Sauver la médiathèque. Tel était le leitmotiv de la municipalité au moment de diffuser son offre. En 2010, le débit de boissons de la commune situé rue La Place, à deux pas de l’église, plie boutique. Quelques années plus tard, la mairie, confrontée comme tant d’autres à la désertification des villages par les commerces de proximité, élabore un projet pour la bâtisse. La réaménager afin d’y réimplanter un établissement commercial. À une condition : la médiathèque du village devra y être installée.
Pour Pierre Ginis, c’est tout sauf un problème. « Je viens de la région, et j’avais toujours envisagé d’y revenir, raconte-t-il. Dans le coin, si on veut travailler, on doit parfois se créer son emploi. Redonner vie à un commerce local me permettait tout ça, et la présence de la médiathèque ne m’a pas dérangé un seul instant. »
La machine est lancée. En octobre 2015, Pierre et sa compagne Aurélie Sarrazyn postulent pour la reprise des lieux. Finalement, près de trois ans plus tard, en août 2018, La Vie sauvage ouvre ses portes.
« On est avant tout un café », affirme Aurélie Sarrazyn. La précision est utile, tant le lieu paraît pluriel. Sans cloisonnement, les pièces s’enchaînent et ne se ressemblent pas. L’entrée principale donne sur le comptoir, l’épicerie et la médiathèque l’enserrant de part et d’autre. Et il faut prendre la peine de visiter un peu pour que La Vie sauvage révèle tous ses atouts. « Nous sommes donc un café-restaurant, mais également une médiathèque, une épicerie, un point-vert (service de retrait bancaire que le Crédit agricole met en place pour permettre à ses clients ruraux d’y avoir accès) et un espace numérique », énumère-t-elle.
Le café offre la possibilité de se restaurer, et petit plus maison, de se réunir autour d’un jeu de société, mis à disposition par les propriétaires.
La petite épicerie distribue des produits de première nécessité, et met en avant le circuit court. L’intention est de centraliser, autant que possible, les produits locaux dont l’accès est parfois difficile et surtout de proposer un service de proximité. « La première supérette est à 15 kilomètres », précise Pierre Ginis.
La médiathèque, quant à elle, remporte son petit succès. Non, la bonne vieille bibliothèque municipale n’est pas has-been. La Vie sauvage reçoit de nombreux lecteurs. Et parmi eux, certains parfois inattendus. « On a des clients qui viennent régulièrement ici, et qui avant ça n’avaient jamais eu de carte de bibliothèque de leur vie », se marre Aurélie Sarrazyn.
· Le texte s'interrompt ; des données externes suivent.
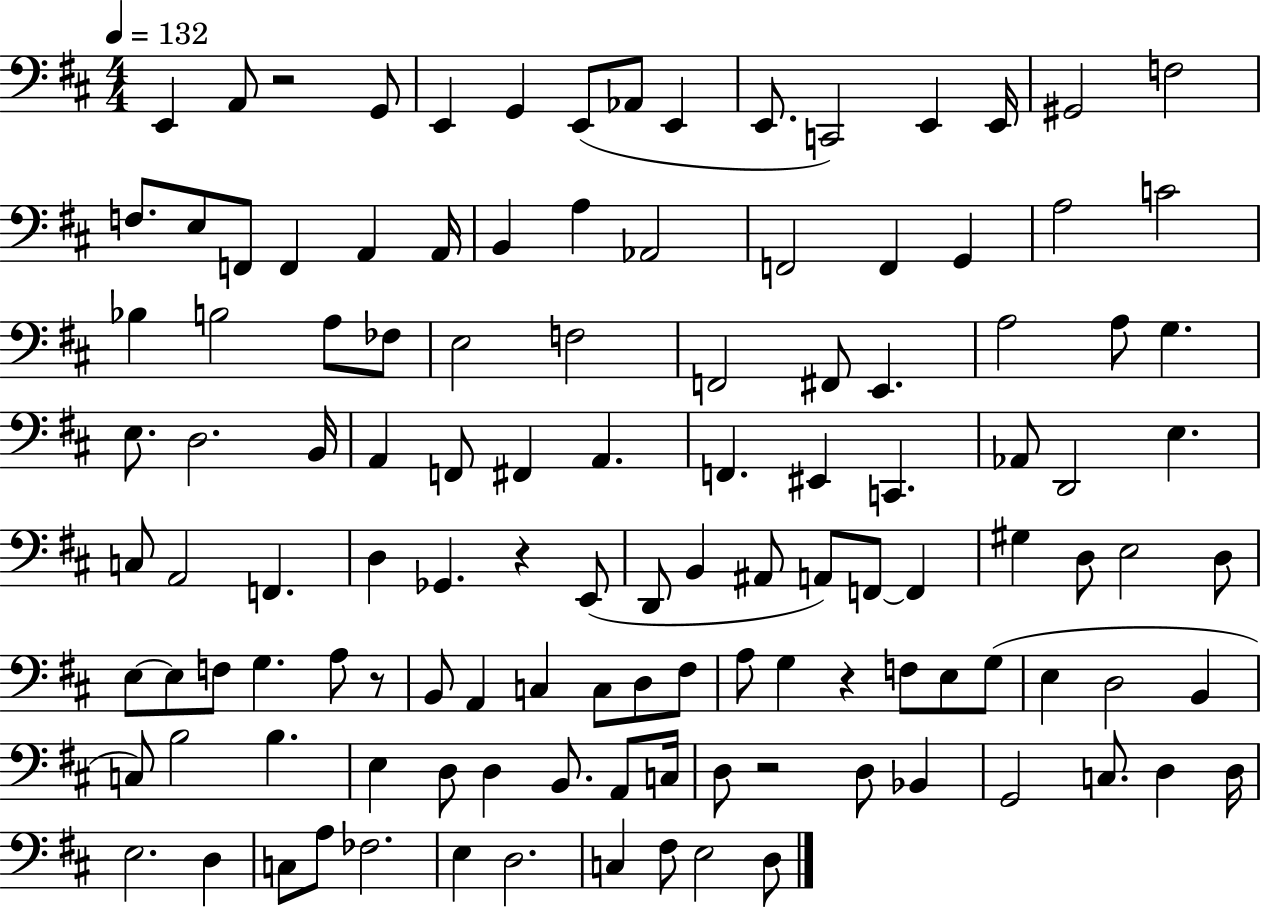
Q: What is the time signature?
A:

Comme toute médiathèque qui se respecte, La Vie sauvage ne propose pas que des livres. DVD et CD sont également de la partie. Habituellement calme et apaisée, elle se transforme régulièrement en lieu plein de vie et de mouvements. Activités et événements divers sont en effet organisés en son sein, notamment grâce au soutien du réseau média-pass, auquel elle appartient. Il réunit neuf médiathèques, qui peuvent s’échanger œuvres et matériels à l’envi. « On a pu organiser une après-midi jeux vidéo, avec console, télé, et même un animateur », se souvient joyeusement Pierre Ginni.
Enfin, l’espace numérique mis à disposition des habitants cartonne lui aussi. « On trouvait ça un peu superflu au début, confessent les deux partenaires, et on s’est aperçu qu’il y avait un réel besoin. »
Quatre postes informatiques sont disponibles. Et sont bien souvent occupés. Dans une région touchée par la fracture numérique, tout le monde n’a pas nécessairement accès au web à domicile, ou n’est pas formé à son utilisation. Ici, les habitants trouvent autant le matériel que le réconfort et l’aide d’une présence amicale. À Eppe, la vie n’est donc pas si sauvage que ça.